Want to come up with a way to deal with this and thinking perhaps some manual management/monitoring might help here.  Question: Is the Storage Tiering service responsible for "un-hydrating" the content? If so, it might be feasible to turn on the Storage Tiering service for initial bulk tiering of the oldest content content, then turn it off.   For the content that is frequently used, that content will rehydrated and remain on the HCP system.    I realize that the Storage Tiering service is managed at the system level, but this HCP is ONLY used for HCP-AW backend storage.

 

Any thoughts on this besides this will be a pain to manage?


#Development
#HitachiContentPlatformHCP
Data Conversion's profile image
Data Conversion

When you configure rehudration, you specify how long you want to keep data rehydrated, so it does not need to "un-hydrate" it every day.

Data Conversion's profile image
Data Conversion

So what you are saying is that under the given example, every 30 days, content will be "un-hydrated" regardless of how recently it has been accessed?

And also, to the original question, is it correct to say the the storage tiering service is what will "un-hydrate" content?

Data Conversion's profile image
Data Conversion

Storage Tiering and Protection services would "un-hydrate".

When the object is rehydrated, it's kept on the primary storage for as long as the rehydration period specifies. Access time is irrelevant (HCP does not track access time).

Joshua Eddy's profile image
Joshua Eddy

Clifford Grimm: No. Content would be rehydrated when it is read, and then the rehydrated object can be kept locally for X number of days; after X many days it would then be re-tiered (to public cloud) per the service plan.

Here is the text from the help and screenshot:

For each storage tier, including the ingest tier, the service plan for a given namespace specifies:

Whether the data for each object stored on the tier is rehydrated (that is, restored on the ingest tier) upon being read from the tier, and if so, the number of days HCP is required to keep a rehydrated copy of object data on the ingest tier.

rehydration

Benjamin Clifford's profile image
Benjamin Clifford

Rehydration is an option, and is not enabled by default. Rehydration works by marking a tiered object to be rehydrated when the object is first read. This means that the first read, and any read prior to rehydration, will be serviced directly from the cloud pool, but that reads subsequent to the object being rehydrated will be serviced from the local disk pool. Rehydration occurs in the background and is managed by the Storage Tiering service. Subsequent reads, after the object has been rehydrated, will extend the rehydration period (8.0+). When the time between the last read and the current time is > the rehydration period, Storage Tiering will mark the IF on the local disk pool as garbage. It is not until GC inspects that object that the data will actually be deleted from disk and free the capacity.
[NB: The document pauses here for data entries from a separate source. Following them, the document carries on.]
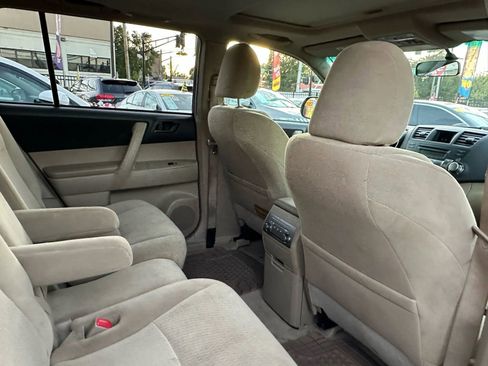 Used 2010 Toyota Highlander 4WD image 14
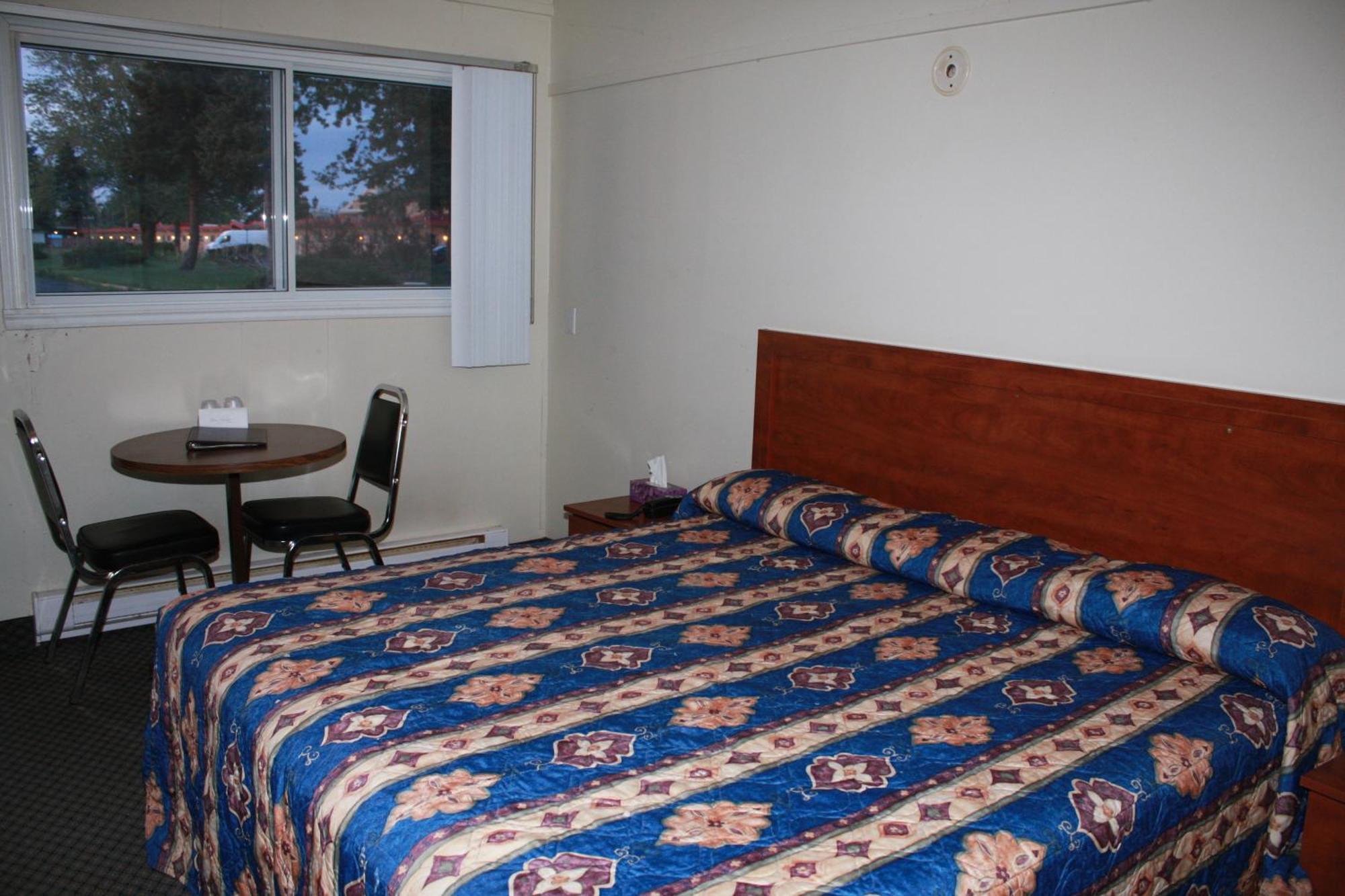 Grand Motel Saint-Hubert Лонгёй Номер фото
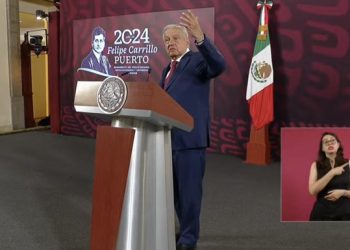 AMLO plantea que Aeropuerto de Toluca sea 100% público y quede a cargo de Semar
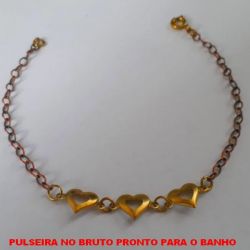 PULSEIRA NO BRUTO PRONTO PARA O BANHO  PULSEIRA SIMPLES COM TREIS CORAÇÃO - PESO 1,5GR - TAMANHO 18CM - BRU4565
Tiering and Service Plans can be configured to create quite a bit of churn in the form of additional object copies in various pools, and can create a tremendous amount of backlog for GC. When this happens consumed capacity can bloat well beyond the expected capacity. This can be especially problematic on systems with high object counts because GC has to visit every object on every pass, and can take days or weeks to complete a pass when the system has billions of objects and there is a relatively high percentage of the data that is considered garbage. For this reason it is important to carefully think through and plan Service Plan changes before implementing them, and to try to avoid frequent changes to Service Plans.

8.2 plans to improve the situation by enhancing all services do their own GC inline, and not just marking them as garbage for the GC service to clean up later. They will also be adding an option to perform interactive (user requested) deletions inline.

Data Conversion's profile image
Data Conversion

Thank you very much for the thorough answer!